>>>>

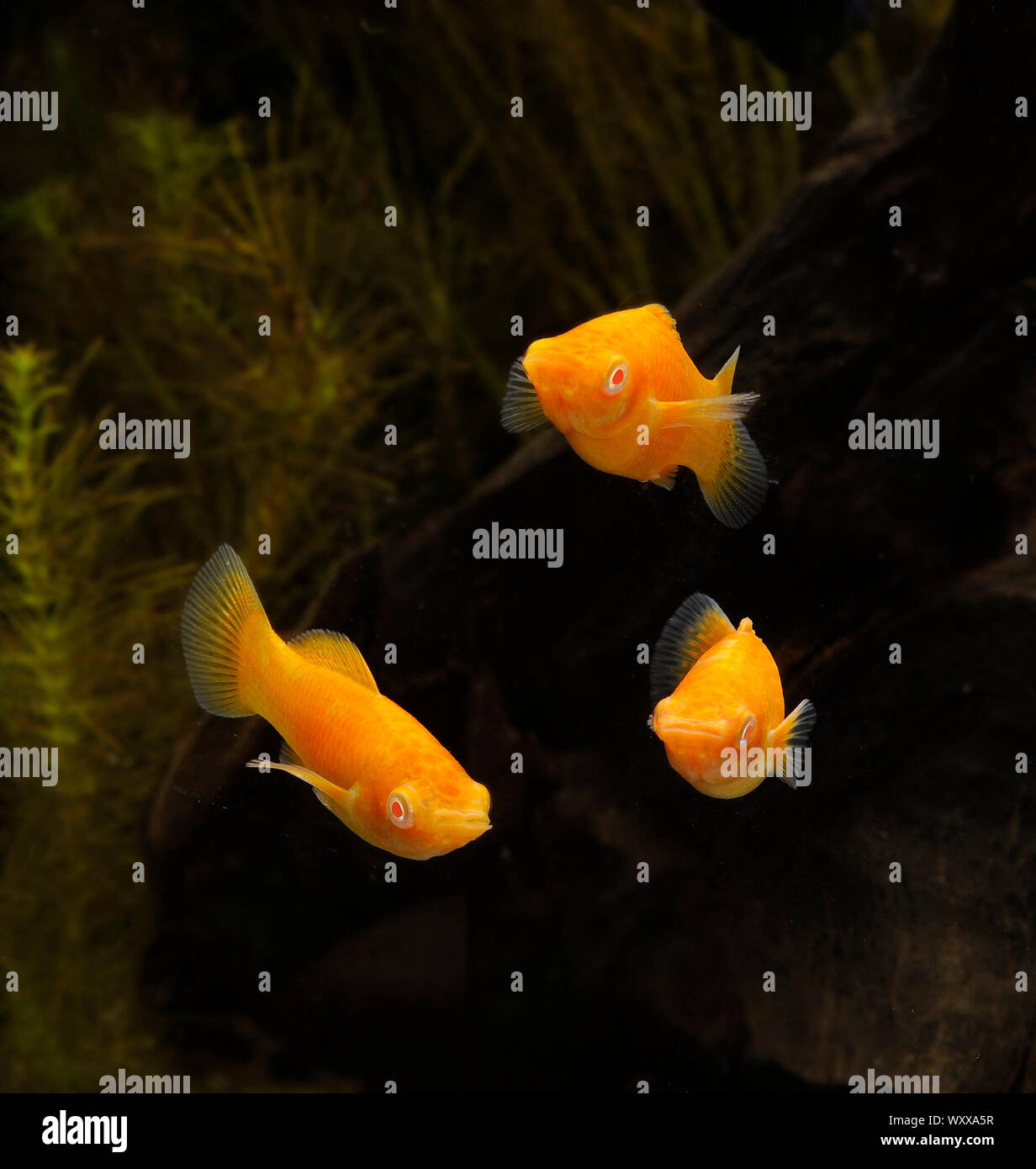 Orange Molly (Poecilia sphenops), group in aquarium Stock Photo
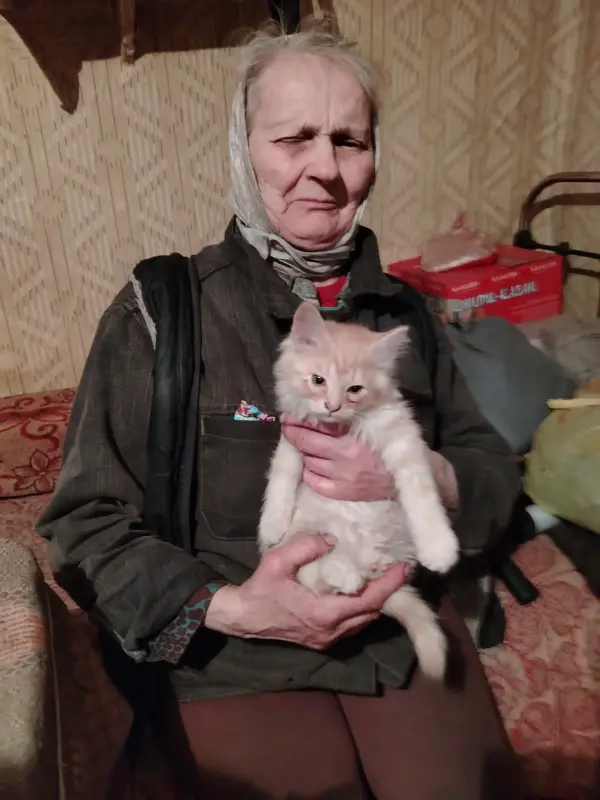 Отдам котят в хорошие руки - Вся Беларусь - 239845 - Доска объявлений Kupika.by - Фото 2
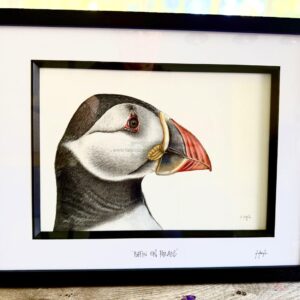 Puffin On Parade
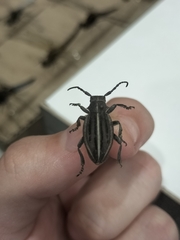 Dorcadion holosericeum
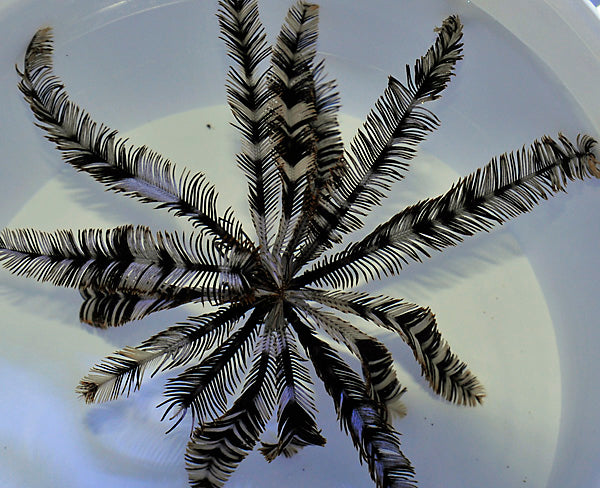 Comatula spp. (Black-White)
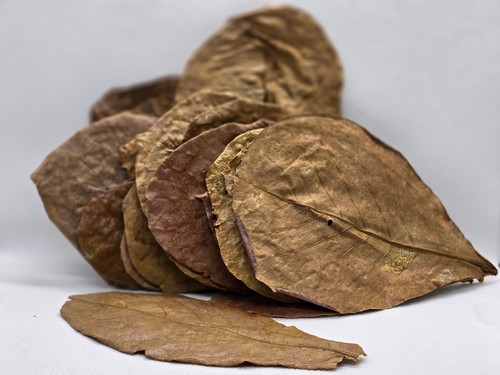 Almond nano leaves per - nano,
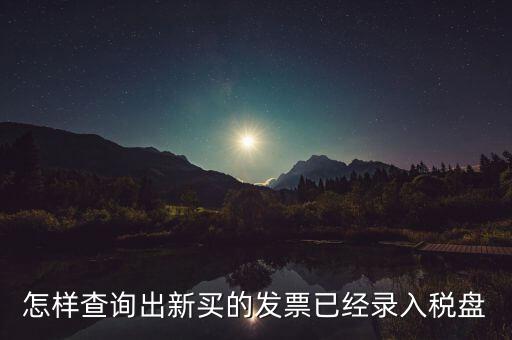 怎樣查詢出新買(mǎi)的發(fā)票已經(jīng)錄入稅盤(pán)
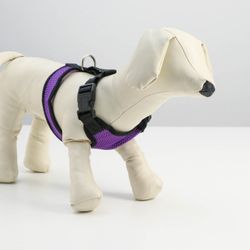 Пижон / Dude / Soft neoprene harness, size L, purple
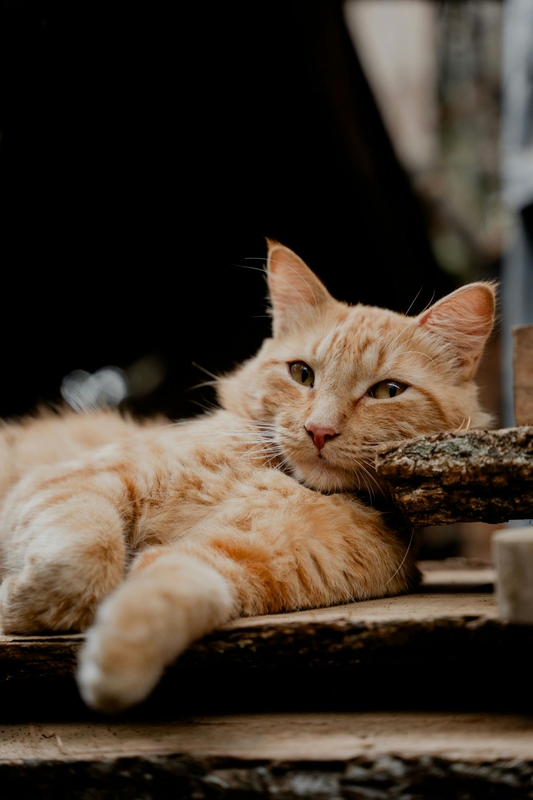 Con mèo, cat, động vật, dễ thương, mèo vàng, sand, animal, cute, yellow cat - Hugo Martínez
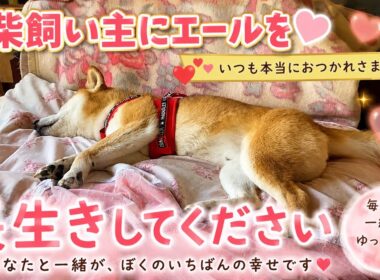 【孤独の56歳】    あと10年、あと15年、一緒に歩こう。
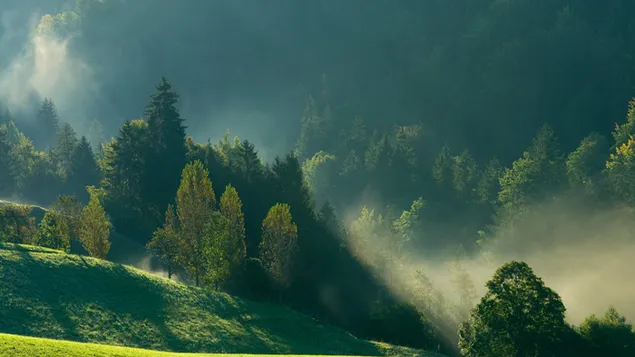 Nebliger Wald im Sonnenlicht 4K Hintergrundbild
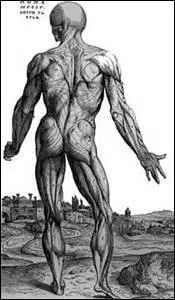 Dans quel organe du corps humain les cellules de Purkinje ont-elles décidé de résider ?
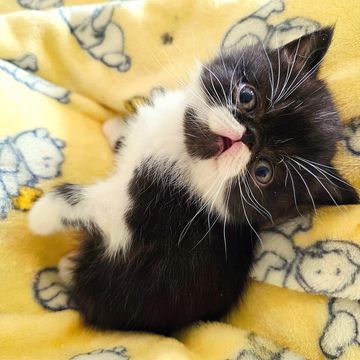 Sweet esh kitten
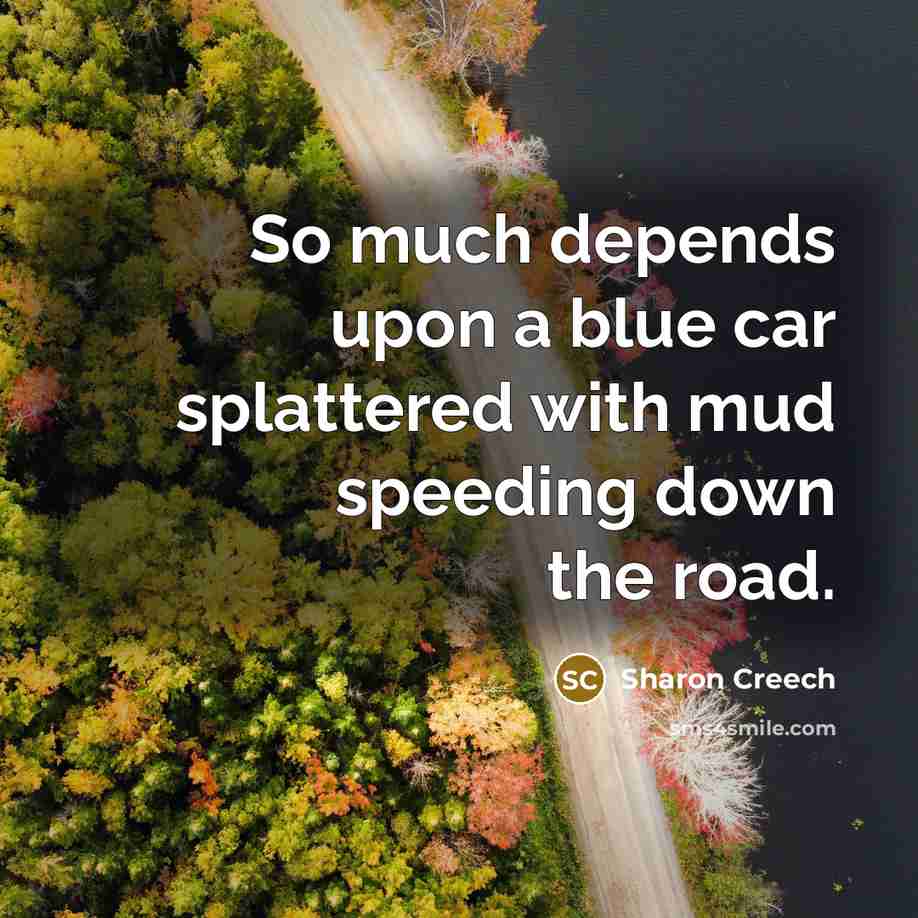 “So much depends upon a blue car splattered with mud speeding down the road.” quote by Sharon Creech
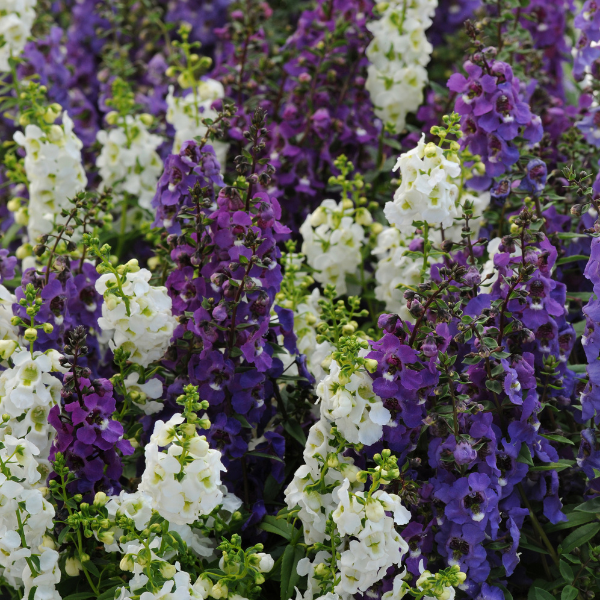 Angelonia angustifolia 'Serena Waterfall Mix'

<<<<

# What needs to be done
Could you transcribe exactly the lines from the one with "Almond nano leaves" through the end of the data, both ends included, and nothing else, skipping the pictures?

# Exercise answer
 Almond nano leaves per - nano,
 怎樣查詢出新買(mǎi)的發(fā)票已經(jīng)錄入稅盤(pán)
 Пижон / Dude / Soft neoprene harness, size L, purple
 Con mèo, cat, động vật, dễ thương, mèo vàng, sand, animal, cute, yellow cat - Hugo Martínez
 【孤独の56歳】    あと10年、あと15年、一緒に歩こう。
 Nebliger Wald im Sonnenlicht 4K Hintergrundbild
 Dans quel organe du corps humain les cellules de Purkinje ont-elles décidé de résider ?
 Sweet esh kitten
 “So much depends upon a blue car splattered with mud speeding down the road.” quote by Sharon Creech
 Angelonia angustifolia 'Serena Waterfall Mix'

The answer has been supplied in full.